Quelque chose que fassent les Moscovites, ils auront bien de la peine à faire changer ce terme en leur faveur : quand même on le changerait, on ne laisserait pas de prendre l’ambassade comme un hommage qu’on vient rendre à peu près de même que dans le reste des Indes, où quiconque apporte une lettre de son prince, passe pour ambassadeur, non pas que réellement les Indiens le croient, mais ils veulent se le persuader pour flatter leur vanité, d’où souvent ils prennent occasion de mépriser la majesté auguste des rois de l’Europe, avec lesquels leurs princes ne peuvent pas entrer en comparaison.
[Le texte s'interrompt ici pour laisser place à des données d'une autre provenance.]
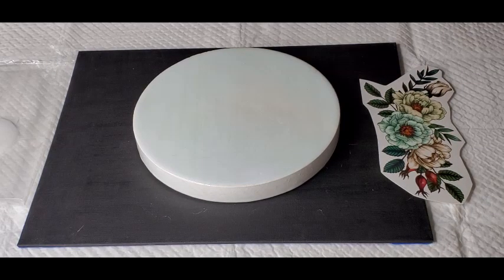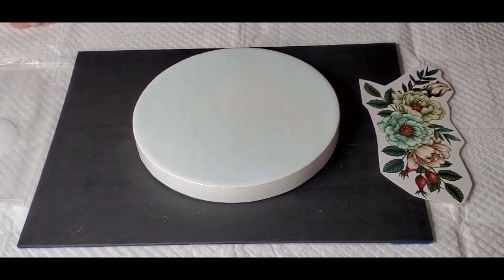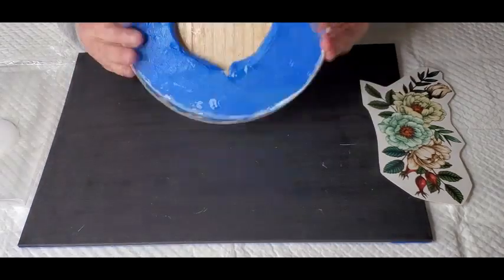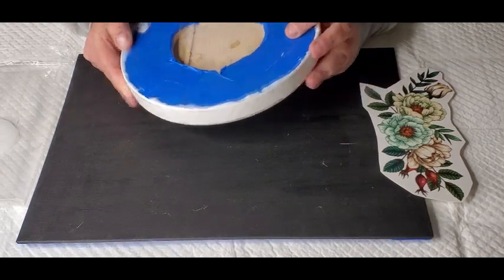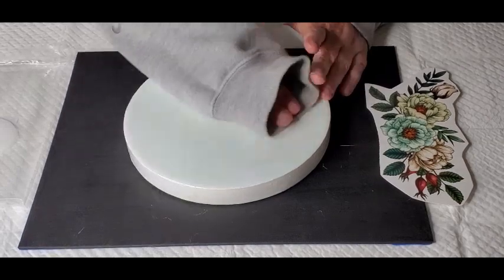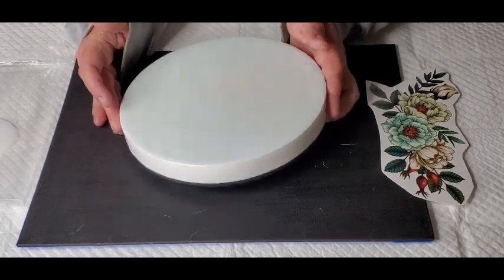Hey guys, welcome back to my channel. This is an 8-inch wooden round. I have taped the back and I've already put a coat of resin on it. It's actually like a milky white coat — it was some extra that I had from another project. It's got like two different kinds of whites, so you can see it's swirled in when it's close up.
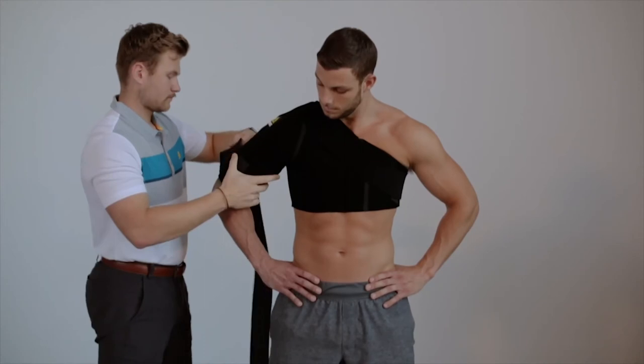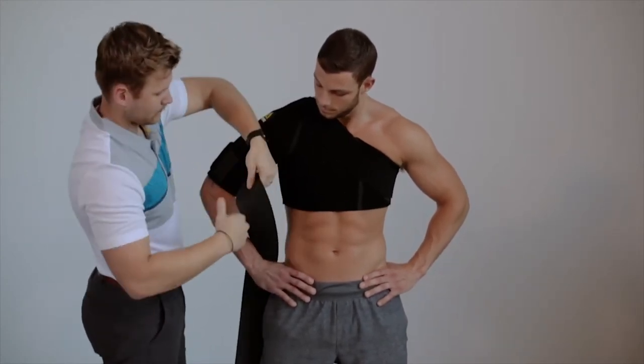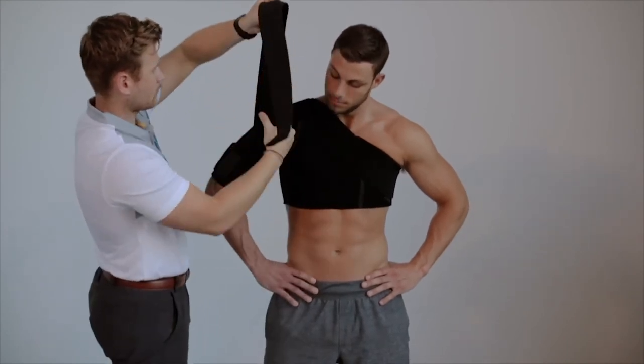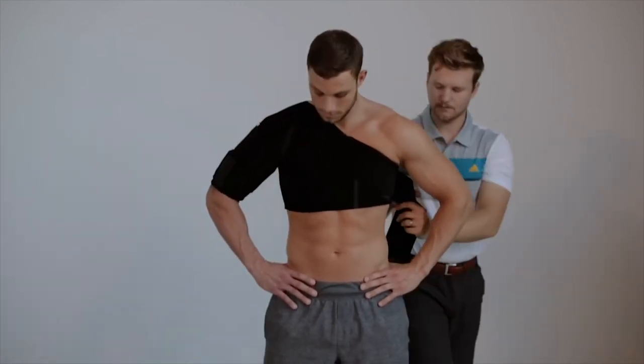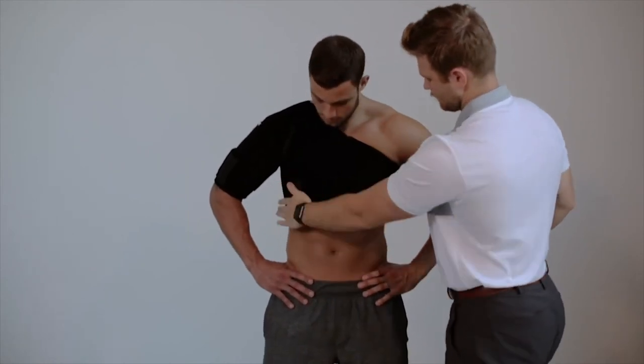Pull Strap B superiorly and laterally, just distal to the acromion process. Bring the strap across the back and around to the front of the chest. Cut the strap to length and secure with hook and loop closure. Finish the wrap, then assess for the desired level of stability and mobility, adjusting as needed.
Une lieue avant que d’arriver à Peking nous vîmes toute la campagne couverte de bosquets de jeunes arbres assez hauts, fermés de murailles de terre ; ce sont autant de sépultures différentes. Sur les quatre heures nous entrâmes dans la ville de Peking par une porte qui est double, comme toutes les autres portes de la ville, et toute couverte de lames de fer attachées avec plusieurs rangs de gros clous : les murs ont 30 à 35 pieds de hauteur ; il y a des tours carrées d’espace en espace ; la rue par où nous entrâmes est large de plus de 45 à 50 pieds tirée à la ligne : nous fîmes une bonne demie lieue dans cette rue à travers une foule incroyable de monde : c’est partout un flux perpétuel de gens qui vont et qui viennent, et cependant il ne paraît aucune femme, quoique leur nombre soit beaucoup plus grand que celui des hommes. A tout moment nous trouvions des bateleurs environnés de 50 à 60 hommes en pelotons les uns sur les autres. On eût dit que dans tous les quartiers de cette vaste et longue rue, il y avait des foires et des assemblées, tant le peuple qui y fourmille est nombreux.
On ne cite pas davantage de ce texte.